Bernhard Schlink montre un héros fatigué, sombre, avare de ses paroles, mal à l'aise avec ses anciens amis: Jörg apparaît comme un homme de conviction perdu dans l'immensité d'une vie qui a continué son bonhomme de chemin pendant que la sienne s'arrêtait entre quatre murs d'une prison. Son combat a priori perdu contre un système économique et un type de société l'a-t-il rendu amer? Lentement, Jörg réapprivoise la vie en société, lentement il pose un regard enfin libre sur les autres et pose abruptement une douloureuse question: qui a trahi? Qui l'a donné aux policiers? Qui l'a envoyé pendant vingt ans derrière les barreaux?

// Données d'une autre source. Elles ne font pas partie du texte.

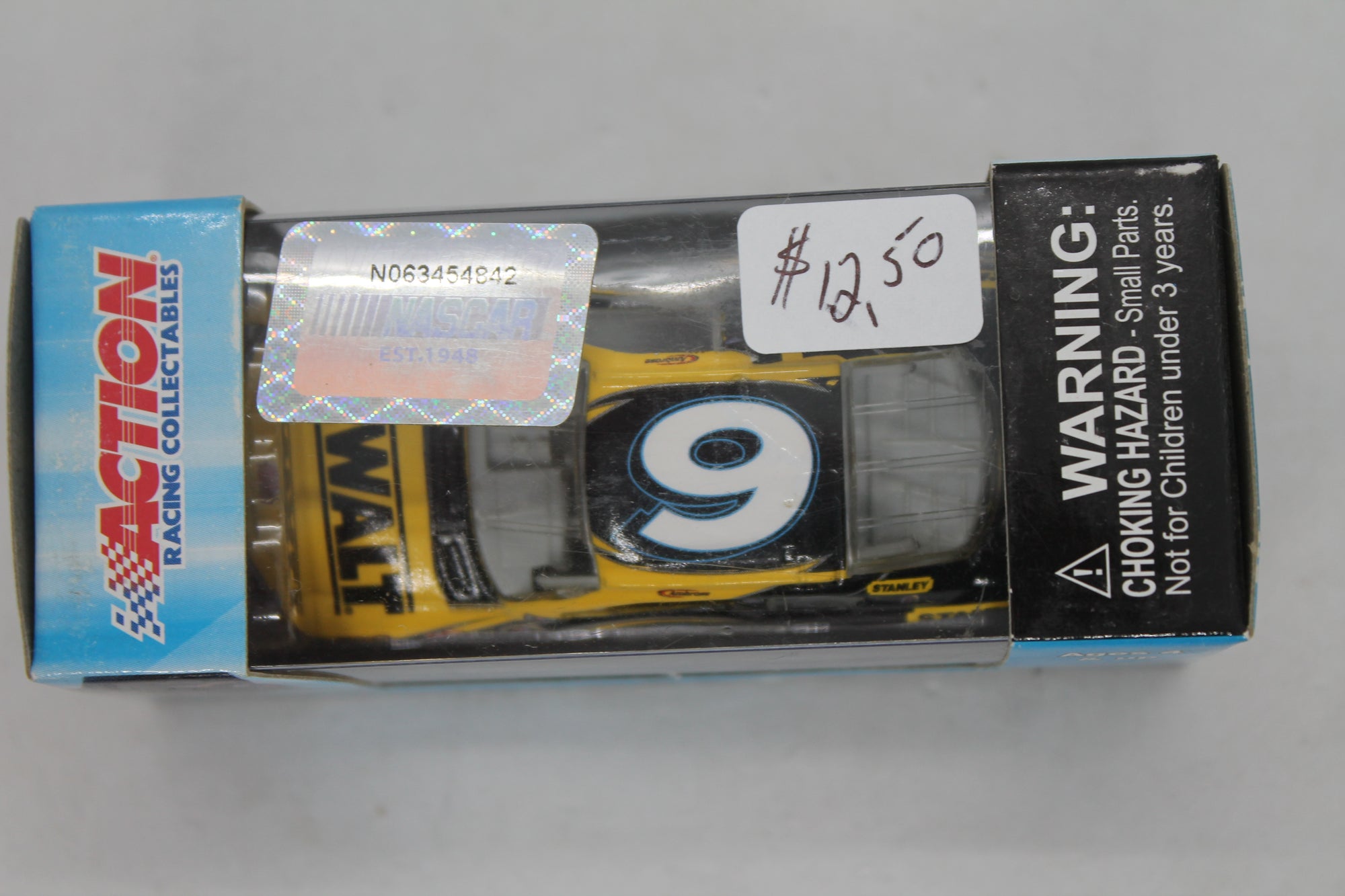 Marcos Ambrose #9 2012 Fusion Stanley 1:64 diecast - Richard Petty Motorsports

Ses amis se sont intégrés dans la société et ont composé avec les valeurs proposées par cette dernière: l'un, Ulrich, est devenu un important directeur de laboratoires, marié, père d'une jeune fille qui n'hésitera pas à jouer les lolitas avec le vieux héros usé, Jörg, l'autre, Karin, est devenue pasteur puis évêquesse et tente désespérement de semer la concorde sur la rencontre puis par ses prières d'amener l'assistance à regarder autrement, d'amener faire admettre aux tenants de la violence que l'on n'a pas le droit d'imposer sa vérité aux autres. Un autre, Henner, est devenu un célèbre journaliste au Spiegel et à Stern tandis qu'une autre, Isle est devenue enseignante et analyse les faits du passé en se lançant dans l'écriture où Jan, un camarade disparu, tient le rôle de l'électron libre qui a franchi la ligne rouge: elle lui invente une histoire post-mortem, une vie invisible où il devient un terroriste sans état d'âme jusqu'à ce qu'il disparaisse dans l'embrasement des tours jumelles de Manhattan, un certain 11 Septembre.
Au milieu des amis d'hier, un jeune homme détonne: Marko, révolutionnaire pur et dur qui souhaite ardemment que Jörg reprenne la lutte, soit le flambeau d'un mouvement protestataire jusqu'auboutiste s'alliant aux "camarades musulmans" et frappant le système au coeur de ses points sensibles. Puis, impromptue l'arrivée d'un jeune étudiant qui s'avère être le fils de Jörg: le week-end touche à sa fin et l'enfant qui a grandit aux côtés de ses grands-parents devient l'accusateur sans concession d'un père devenu l'ombre de lui-même.
Sous la frondaison des arbres du vieux parc mal entretenu de la maison de campagne, se nouent idylles nouvelles et se racontent les souvenirs d'amours anciennes....la nostalgie d'une jeunesse presque lointaine s'égraine au fil des mots et rend l'écriture particulièrement attachante. Le souvenir des évènements d'hier teintent le passé du sépia de la compassion: celle éprouvée tant envers l'ancien terroriste qu'envers la douleur d'un fils qui ne peut encore pardonner. L'amitié peut-elle réparer les erreurs passées? Peut-on encore tourner la page lorsqu'il y a eu beaucoup de tragédies humaines?
Dans "Le liseur", Schlink abordait le passé nazi de son pays, dans "Le week-end" il aborde, subtilement, les années terribles où la Faction Armée Rouge répandait la peur et le sang. Les années Bader tout comme les années de plomb en Italie et les combats d'Action Directe en France ont laissé une trace dans la société contemporaine. Une trace qui lentement refait surface au gré des libérations anticipées suscitant des remous plus ou moins exacerbés dans la presse...le passé récent porte trop souvent les stigmates des douleurs et des peurs pour pouvoir être ressenti sereinement par ceux qui l'on vécu.
Dans ce huis-clos à la campagne, Schlink met les souvenirs et les actes à plat sans accabler aucun des protagonistes et tout en signalant que le couple violence et politique est toujours un sujet dont toute société, toute démocratie doit se soucier sérieusement. Doucement mais sûrement, il monte l'intensité de la confrontation jusqu'au dénouement habile.
"Le week-end" est à placer dans la lignée du "Liseur": c'est un regard sur des passés qui dérangent et font mal, mais un regard qui n'accable pas et offre un espace de tendre compassion (sans pour autant dédouaner les actes les plus atroces). En un mot comme en mille, un excellent roman, photographie de l'actuelle société allemande avec ses peurs et ses envies de savoir même si cela est douloureux.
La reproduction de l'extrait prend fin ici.